Short text fragments from websites:
::::

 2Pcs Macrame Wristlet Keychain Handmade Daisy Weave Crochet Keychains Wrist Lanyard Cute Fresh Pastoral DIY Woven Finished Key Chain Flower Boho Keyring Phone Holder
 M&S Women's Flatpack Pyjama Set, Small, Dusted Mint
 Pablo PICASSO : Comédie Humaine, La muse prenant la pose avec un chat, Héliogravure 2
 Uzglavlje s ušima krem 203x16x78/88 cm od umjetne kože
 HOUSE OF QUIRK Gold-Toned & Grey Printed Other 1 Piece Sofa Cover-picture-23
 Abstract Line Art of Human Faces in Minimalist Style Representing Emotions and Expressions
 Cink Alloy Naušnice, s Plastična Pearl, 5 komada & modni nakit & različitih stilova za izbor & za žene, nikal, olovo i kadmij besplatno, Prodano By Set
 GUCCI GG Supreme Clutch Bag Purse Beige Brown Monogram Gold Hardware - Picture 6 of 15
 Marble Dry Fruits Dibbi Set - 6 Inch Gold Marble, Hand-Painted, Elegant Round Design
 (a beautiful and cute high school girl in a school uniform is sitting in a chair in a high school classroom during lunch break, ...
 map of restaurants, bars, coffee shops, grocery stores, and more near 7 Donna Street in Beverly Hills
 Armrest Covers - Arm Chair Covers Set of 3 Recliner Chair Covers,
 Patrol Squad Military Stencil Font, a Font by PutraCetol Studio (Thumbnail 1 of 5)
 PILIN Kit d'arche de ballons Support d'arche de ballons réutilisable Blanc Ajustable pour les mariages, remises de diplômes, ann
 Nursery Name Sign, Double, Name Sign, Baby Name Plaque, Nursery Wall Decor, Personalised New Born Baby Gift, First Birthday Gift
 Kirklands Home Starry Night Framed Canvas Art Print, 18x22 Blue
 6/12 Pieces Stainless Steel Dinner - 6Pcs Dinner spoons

::::

→ Task goal
Each line of the entries where the string "Gold" occurs should be shown.

→ Answer below
 HOUSE OF QUIRK Gold-Toned & Grey Printed Other 1 Piece Sofa Cover-picture-23
 GUCCI GG Supreme Clutch Bag Purse Beige Brown Monogram Gold Hardware - Picture 6 of 15
 Marble Dry Fruits Dibbi Set - 6 Inch Gold Marble, Hand-Painted, Elegant Round Design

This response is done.